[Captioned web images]
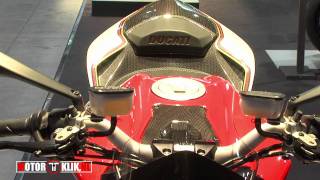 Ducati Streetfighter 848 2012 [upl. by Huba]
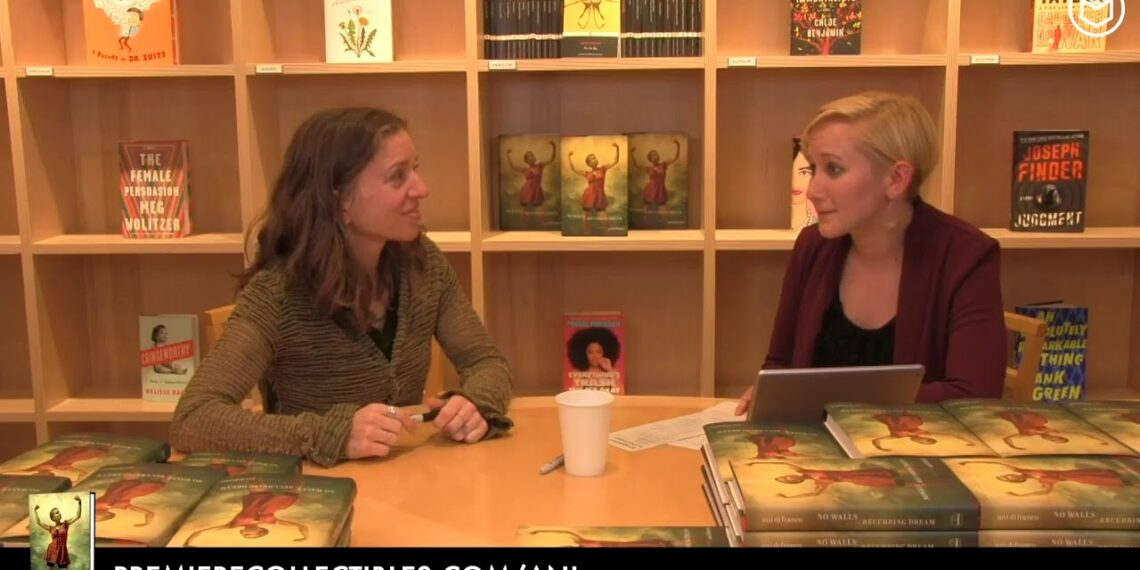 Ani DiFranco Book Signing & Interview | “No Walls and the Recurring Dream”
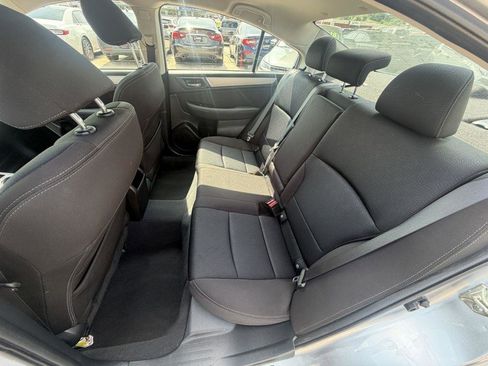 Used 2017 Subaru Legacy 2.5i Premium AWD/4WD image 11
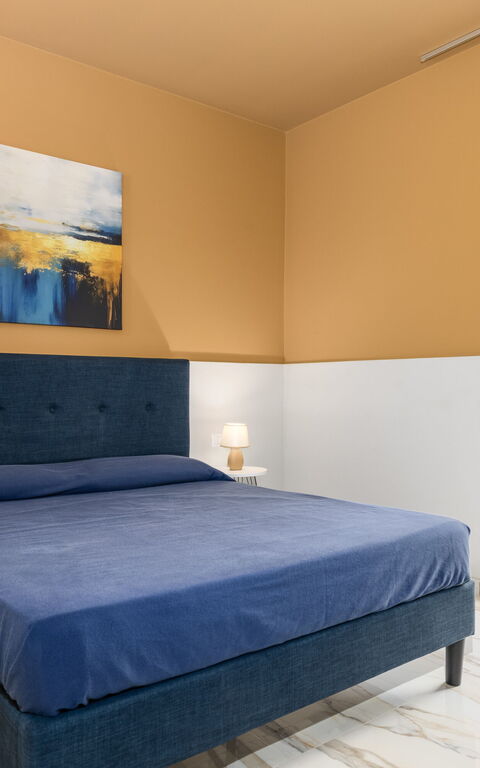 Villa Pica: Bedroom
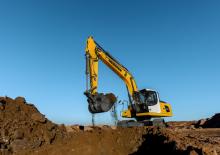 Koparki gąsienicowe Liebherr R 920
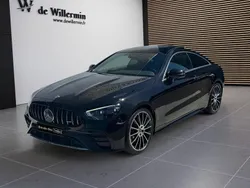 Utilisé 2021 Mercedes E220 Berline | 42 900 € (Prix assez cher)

> **ABOUT THIS EXERCISE**
Each record above should be retyped exactly, with no pictures carried over.

> **RESULT OF THE TASK**
 Ducati Streetfighter 848 2012 [upl. by Huba]
 Ani DiFranco Book Signing & Interview | “No Walls and the Recurring Dream”
 Used 2017 Subaru Legacy 2.5i Premium AWD/4WD image 11
 Villa Pica: Bedroom
 Koparki gąsienicowe Liebherr R 920
 Utilisé 2021 Mercedes E220 Berline | 42 900 € (Prix assez cher)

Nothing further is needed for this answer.